** Opening Material for this exercise block **
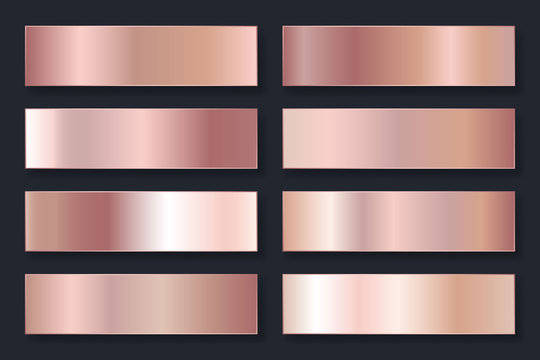 Collection of backgrounds with a metallic gradient. Brilliant plates with rose gold effect. Vector illustration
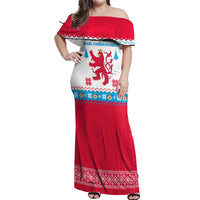 Luxembourg Christmas Off Shoulder Maxi Dress with Red Lion Crest and Snowflake Pattern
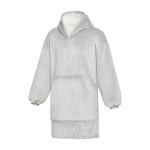 Fleece badjas met capuchon van polyester en voorvak kleur grijs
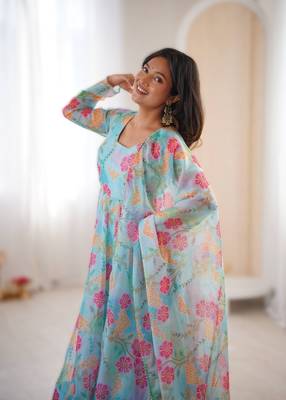 Sky blue sunkissed floral print organza readymade gown suit set with dupatta & pant 3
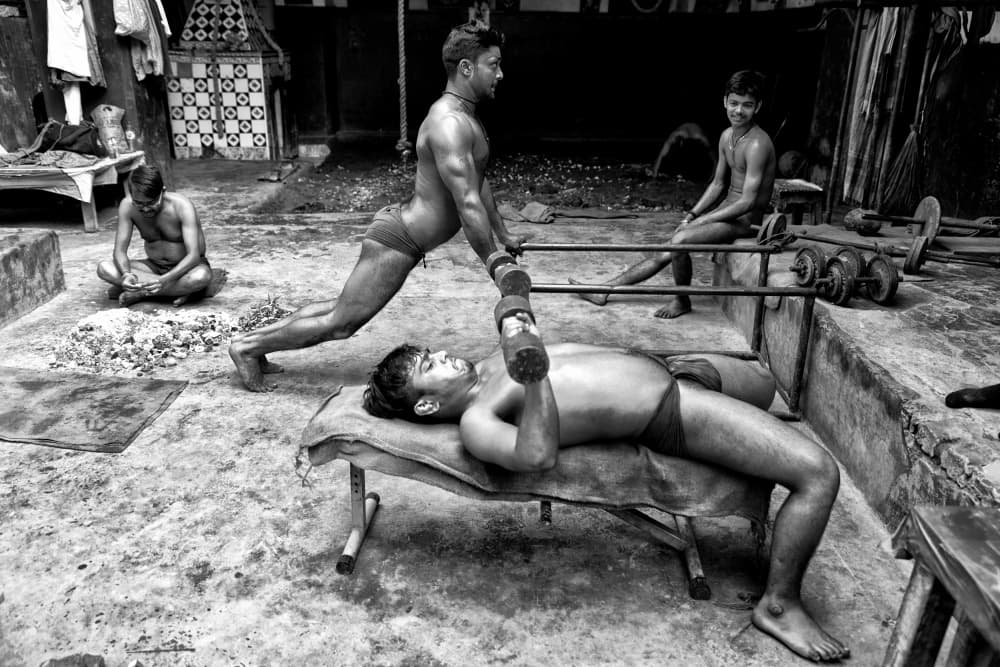 Traditional Wrestling Training by Shaibal Nandi — canvas wall art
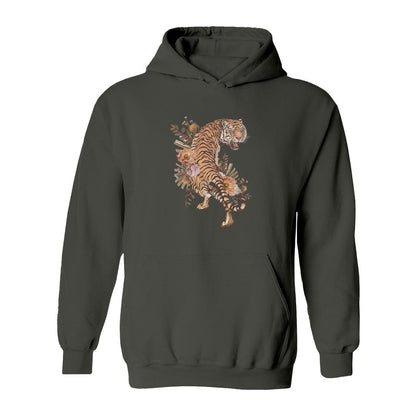Tiger With Flowers Hoodie - Rue Mentana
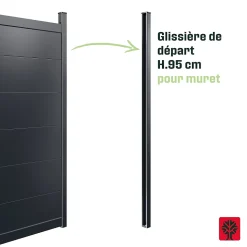 Glissière vendue par 2 en aluminium anthracite pour départ mural Neva Klikstrom, hauteur unitaire 95cm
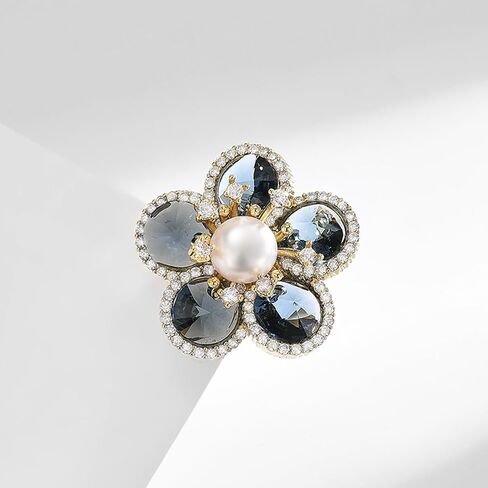 Rhinestone Flower Brooch Austrian Crystal Flower Brooch Pin 18k Gold Plated Flower Floral Brooch Lapel Pin Jewelry Mother's Day Birthday Gifts for Mom Wife in Saudi Arabia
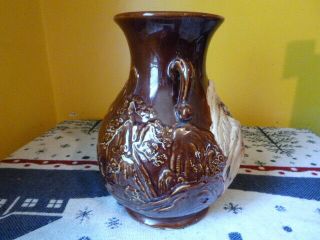 Antique Japanese Banko Ware Carved Pottery Vase Bonsai Landscape Brown 10 1/2 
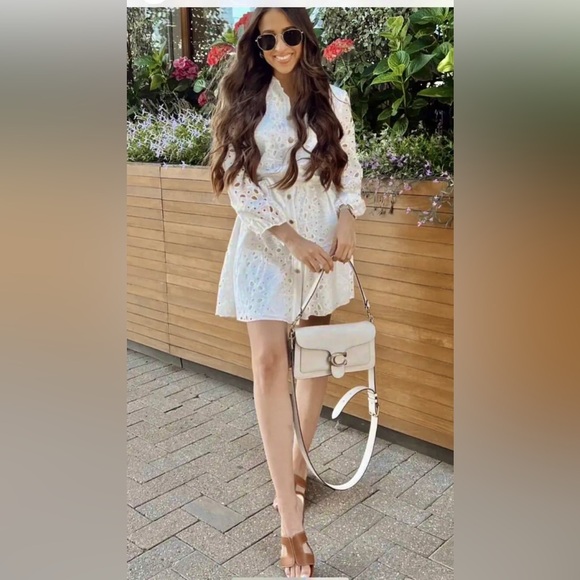 Zara White Eyelet Belted, Ruffle Hem Shirt Dress! Blogger’s Favorite!! 🤍 - Picture 4 of 9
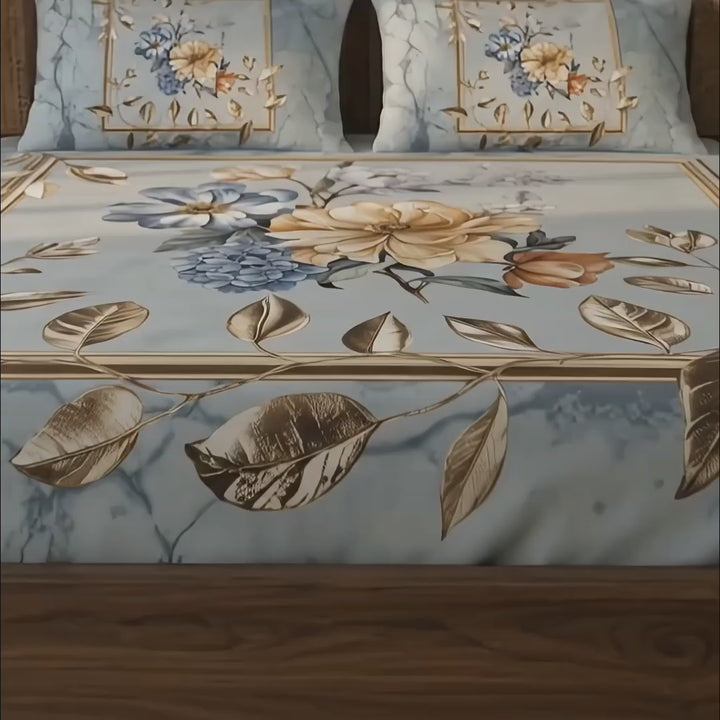 3D Aura Print Floral Bedsheet – Cotton Feel Fabric for Elegant Bedrooms | Light Blue Floral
** Closing Material for this exercise block **
Task to complete:
Every line of the material is to be quoted exactly, with no pictures carried over.

Response below:
 Collection of backgrounds with a metallic gradient. Brilliant plates with rose gold effect. Vector illustration
 Luxembourg Christmas Off Shoulder Maxi Dress with Red Lion Crest and Snowflake Pattern
 Fleece badjas met capuchon van polyester en voorvak kleur grijs
 Sky blue sunkissed floral print organza readymade gown suit set with dupatta & pant 3
 Traditional Wrestling Training by Shaibal Nandi — canvas wall art
Tiger With Flowers Hoodie - Rue Mentana
 Glissière vendue par 2 en aluminium anthracite pour départ mural Neva Klikstrom, hauteur unitaire 95cm
 Rhinestone Flower Brooch Austrian Crystal Flower Brooch Pin 18k Gold Plated Flower Floral Brooch Lapel Pin Jewelry Mother's Day Birthday Gifts for Mom Wife in Saudi Arabia
 Antique Japanese Banko Ware Carved Pottery Vase Bonsai Landscape Brown 10 1/2 
 Zara White Eyelet Belted, Ruffle Hem Shirt Dress! Blogger’s Favorite!! 🤍 - Picture 4 of 9
 3D Aura Print Floral Bedsheet – Cotton Feel Fabric for Elegant Bedrooms | Light Blue Floral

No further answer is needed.